Problem details
Would you retype exactly the lines below, from the one containing "Citroen BlueHDi 100" through the end of the entries, both ends included, but not the pictures?
:: Available records
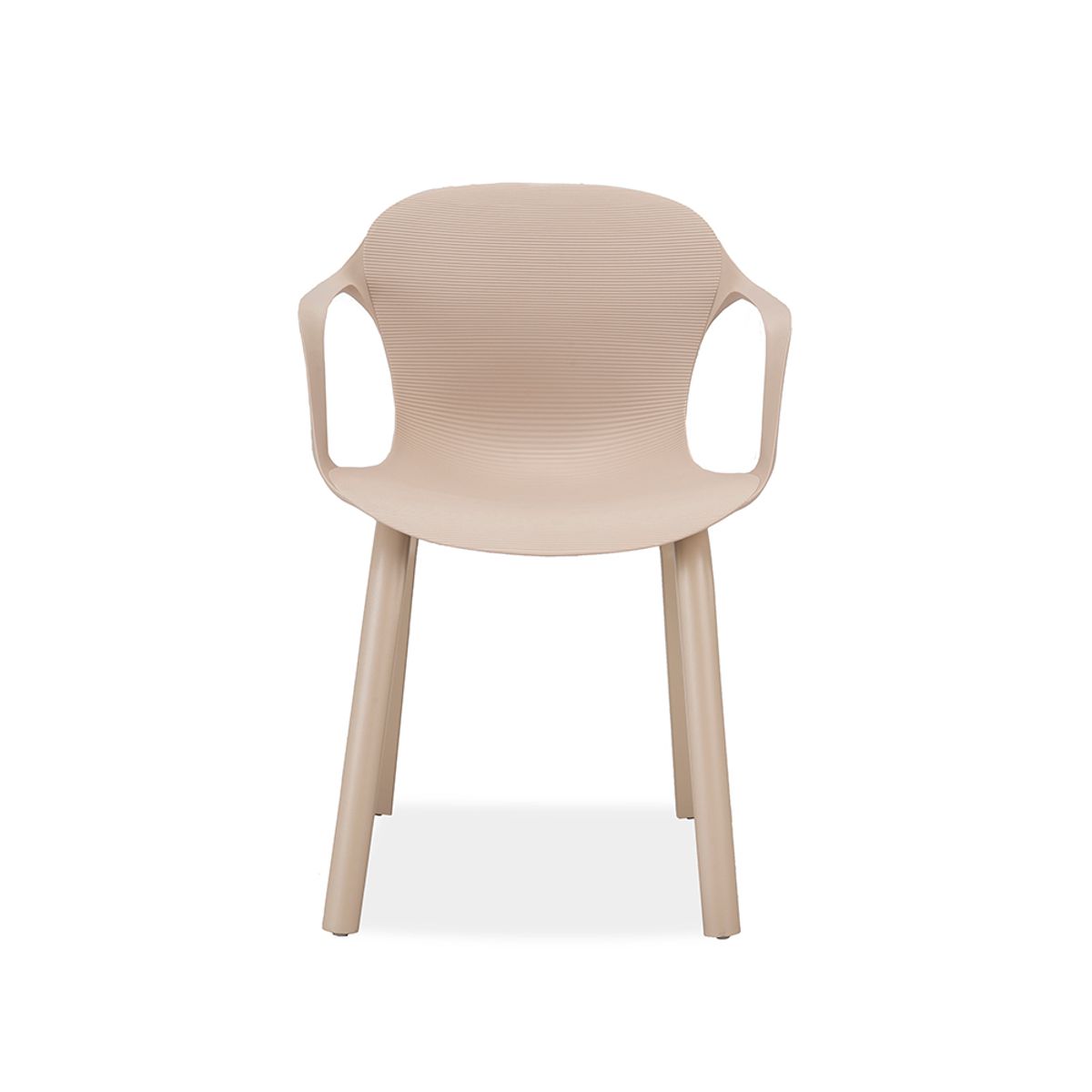 TUGO - Silla Auxiliar Tomás Beige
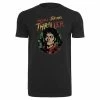 T-shirt Metal Men's Michael Jackson - Thriller Portrait - NNM -Cheap Gothic & Punk Shop MC453 P1 00007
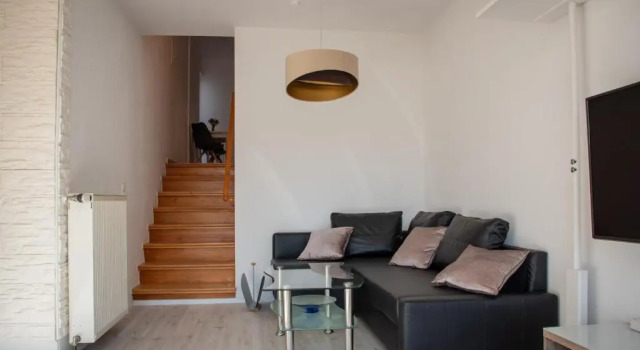 Liebesvolles Studio in Eppstein, Rezervați Hotel Eppstein Taunus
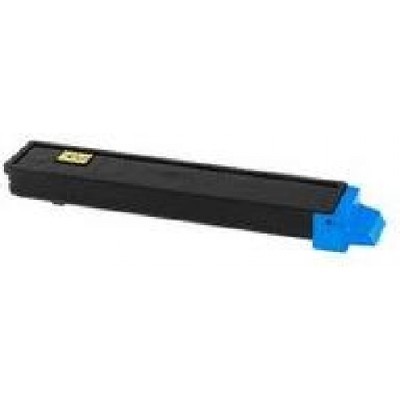Картридж лазерный Kyocera TK-8505C 1T02LCCNL0 голубой для Kyocera TASKalfa 4550ci/5550cii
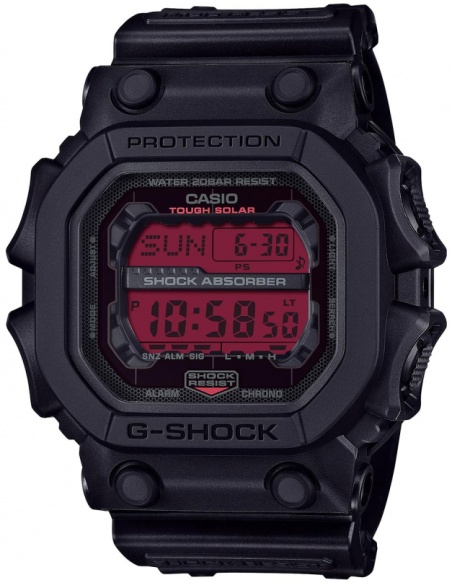 Ceas bărbătesc Casio Limited GX-56BBR-1ER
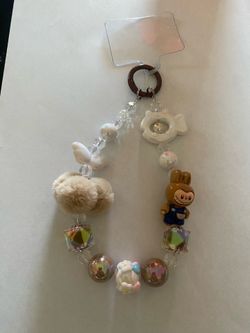 Phone Charms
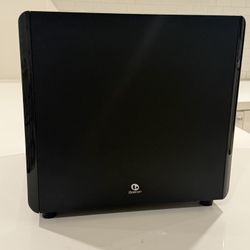 Boston Acoustics ASW 250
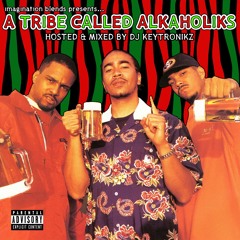 Tha Alkaholiks - A Tribe Called Alkaholiks
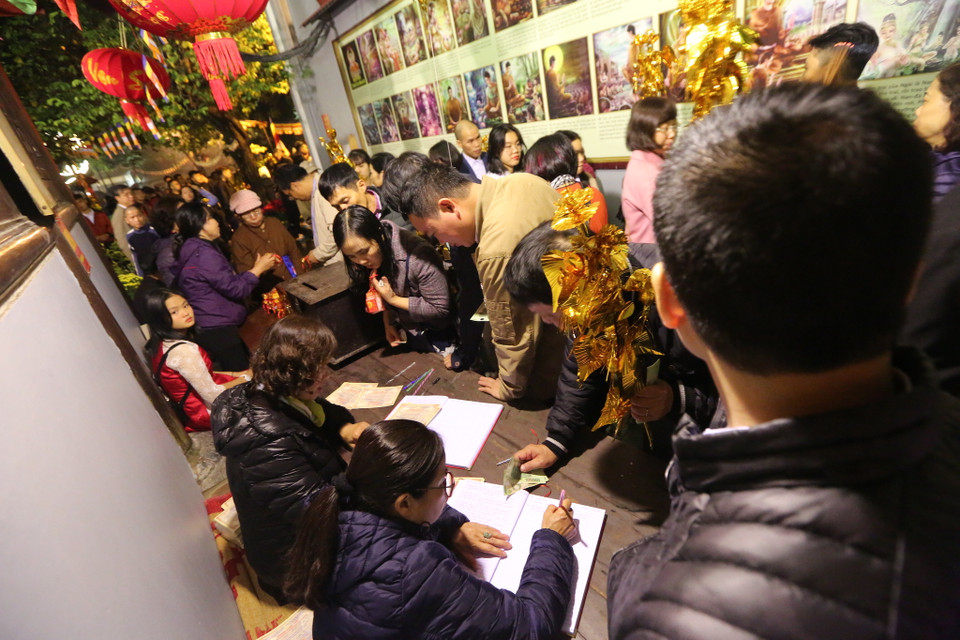 (Ảnh: Minh Sơn/Vietnam+)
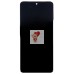 Дисплей для Google Pixel 8 Pro с тачскрином Черный - OR (SP)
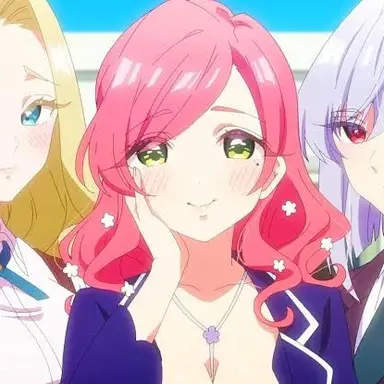 Profile image of 花園羽々里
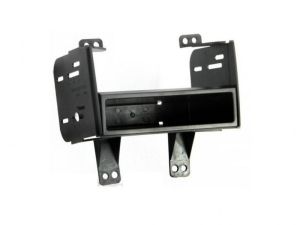 Connects2 CT24NS23 1DIN/2DIN Kit Rama Nissan Rogue 2011 Negru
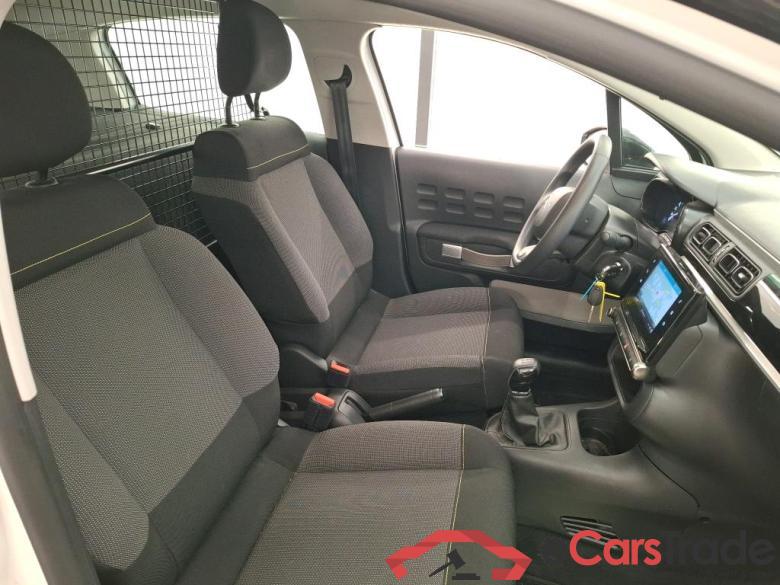 Citroen BlueHDi 100 S&S BVM Feel Nav C3 Société Feel Nav 1.5 BlueHDI 100CV BVM5 E6dT #6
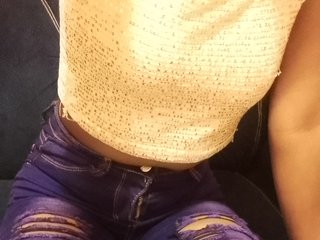 Chat vidéo érotique Prettybii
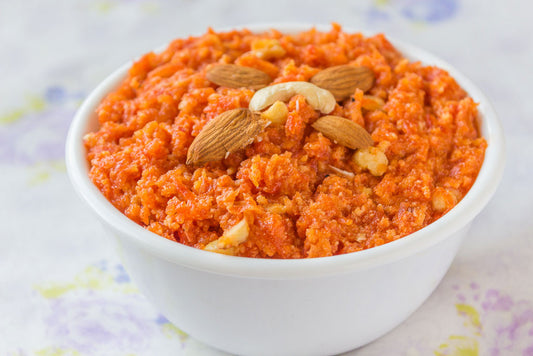 Gajar Halwa 400g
::::
Response area
 Citroen BlueHDi 100 S&S BVM Feel Nav C3 Société Feel Nav 1.5 BlueHDI 100CV BVM5 E6dT #6
 Chat vidéo érotique Prettybii
 Gajar Halwa 400g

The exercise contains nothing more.